** LISTED RECORDS follows **

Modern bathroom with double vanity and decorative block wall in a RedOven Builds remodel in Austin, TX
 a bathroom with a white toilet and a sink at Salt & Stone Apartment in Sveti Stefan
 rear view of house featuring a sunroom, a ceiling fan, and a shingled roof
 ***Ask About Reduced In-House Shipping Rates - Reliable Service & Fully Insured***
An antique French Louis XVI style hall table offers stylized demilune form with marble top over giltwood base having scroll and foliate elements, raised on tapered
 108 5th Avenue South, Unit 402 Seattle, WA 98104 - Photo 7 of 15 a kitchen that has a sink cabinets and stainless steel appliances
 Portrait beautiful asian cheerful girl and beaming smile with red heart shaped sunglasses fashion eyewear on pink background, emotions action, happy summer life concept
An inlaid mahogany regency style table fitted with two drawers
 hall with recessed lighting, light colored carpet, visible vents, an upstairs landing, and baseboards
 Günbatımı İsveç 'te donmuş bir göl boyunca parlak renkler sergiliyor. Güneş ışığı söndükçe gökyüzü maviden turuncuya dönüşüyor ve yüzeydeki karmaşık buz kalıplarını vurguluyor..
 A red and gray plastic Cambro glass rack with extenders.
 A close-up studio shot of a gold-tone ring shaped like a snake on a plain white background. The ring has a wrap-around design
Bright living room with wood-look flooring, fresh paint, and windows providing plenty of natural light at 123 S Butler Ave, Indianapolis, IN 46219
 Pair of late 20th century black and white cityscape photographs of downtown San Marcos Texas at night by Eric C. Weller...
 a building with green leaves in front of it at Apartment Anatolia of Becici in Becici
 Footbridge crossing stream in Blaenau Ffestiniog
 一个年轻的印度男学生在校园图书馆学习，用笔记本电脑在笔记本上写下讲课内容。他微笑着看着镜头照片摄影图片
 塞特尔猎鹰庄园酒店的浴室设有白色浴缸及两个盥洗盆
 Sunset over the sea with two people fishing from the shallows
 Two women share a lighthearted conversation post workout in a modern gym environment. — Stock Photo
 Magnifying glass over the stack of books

** End of LISTED RECORDS **

ACTIVITY: Print the lines above from the one with "A close-up studio" through the one with "Bright living room", both included, exactly as written and nothing more.

SOLUTION TO THIS EXERCISE:
 A close-up studio shot of a gold-tone ring shaped like a snake on a plain white background. The ring has a wrap-around design
Bright living room with wood-look flooring, fresh paint, and windows providing plenty of natural light at 123 S Butler Ave, Indianapolis, IN 46219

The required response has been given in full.